But it didn’t make me feel better. It made me feel bad. I felt like this was not self-love. It was self-hate.

Then, I read a book that changed my life: "Can’t Hurt Me" by David Goggins. I didn’t know this when I picked up the book, but this book is the bible of mental strength. And it completely flipped my perspective. I did a 180 and decided not to go easy on myself, but to go tougher than I ever have.

I started working out like crazy. And ate cleaner than ever. And I studied around the clock. And it changed everything. I felt so great. I actually felt like I loved myself.

People think going easy on yourself is self-love. And, in very micro-doses, it might be. But on a macro scale, going easy on yourself and locking yourself deep into the corridors of your comfort zone is not self-love. It’s self-hatred. It’s self-abuse.

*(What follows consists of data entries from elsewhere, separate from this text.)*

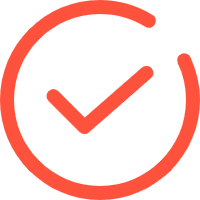 注冊小規模還是一般納稅人公司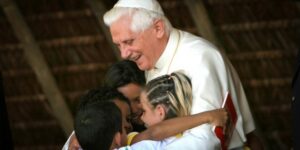 BenedictXVI.jpg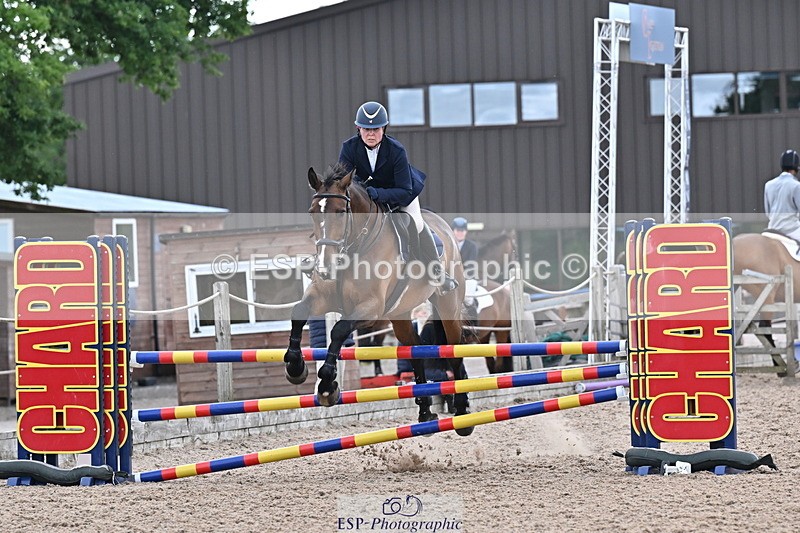 250610A-181848-00652 - 90cm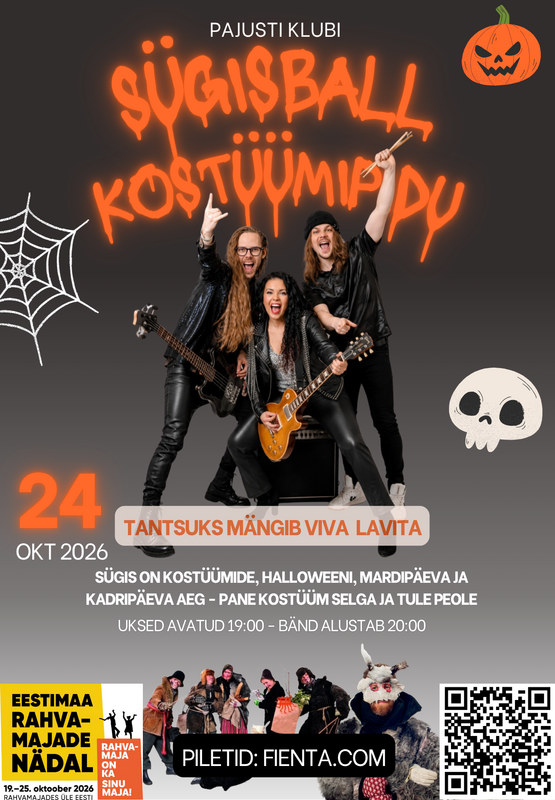 Pajusti-klubi-sugispidu-555×800.png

People who have high mental strength go easy on themselves very rarely, and only in the smallest of doses. But as a general idea, self-love means challenging yourself and being a fan of tough love.

2. You're an unbroken optimist

I learned this term from Niklas Göke. It means an optimist tries to look at the bright side in every situation. However, an amateur optimist can get a bit pessimistic in certain conditions. But with practice, you can reach the peak of this trait. And that’s when you become an unbroken optimist.



Unbroken optimism is when, no matter how bad the situation might be, you find some sort of positivity in it. Of course, optimism and pessimism cannot be proved objectively. Things don’t happen for good or for bad. They just happen. Subjectively, these traits have huge implications.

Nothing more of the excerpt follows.